>>>

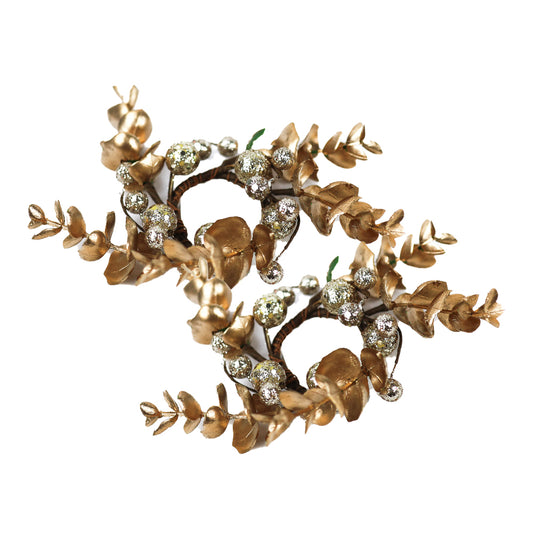 Golden Forest - Taper Candle Rings (Set of 2)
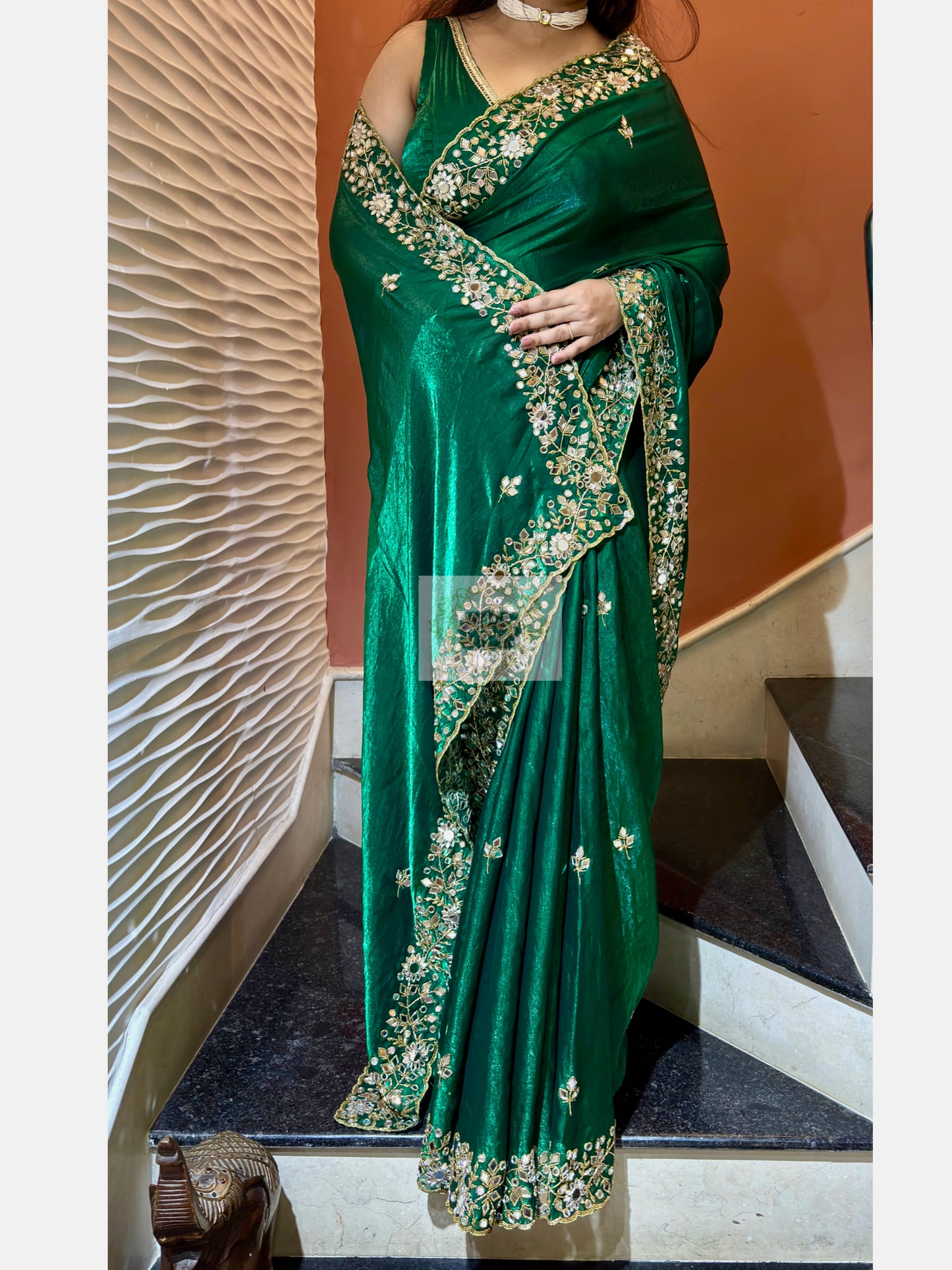Forest Green Sheesh Mahal Saree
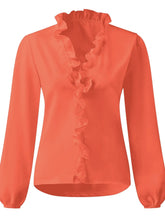 Load image into Gallery viewer, Full Size Ruffled V-Neck Long Sleeve Blouse
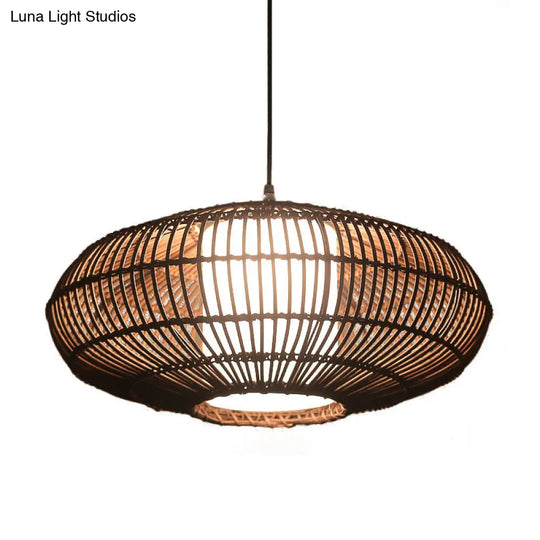Asia Bamboo Lantern Pendant Lamp With White Acrylic Shade - Coffee Ceiling Hanging Light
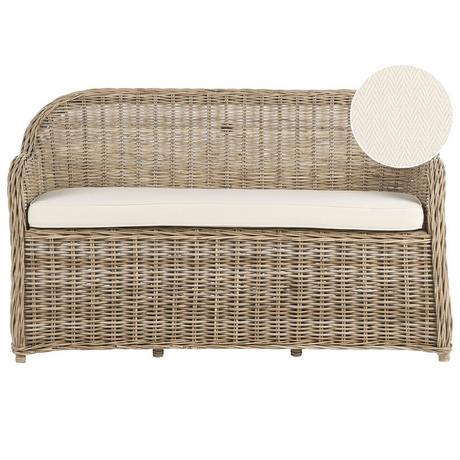 Beliani Panca da giardino con cuscino en Rattan Boho SUSUA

<<<

**Task statement:** The reply should repeat the listing above exactly and contain no pictures.

**Result of this task:**
 Golden Forest - Taper Candle Rings (Set of 2)
Forest Green Sheesh Mahal Saree
 Load image into Gallery viewer, Full Size Ruffled V-Neck Long Sleeve Blouse
Asia Bamboo Lantern Pendant Lamp With White Acrylic Shade - Coffee Ceiling Hanging Light
 Beliani Panca da giardino con cuscino en Rattan Boho SUSUA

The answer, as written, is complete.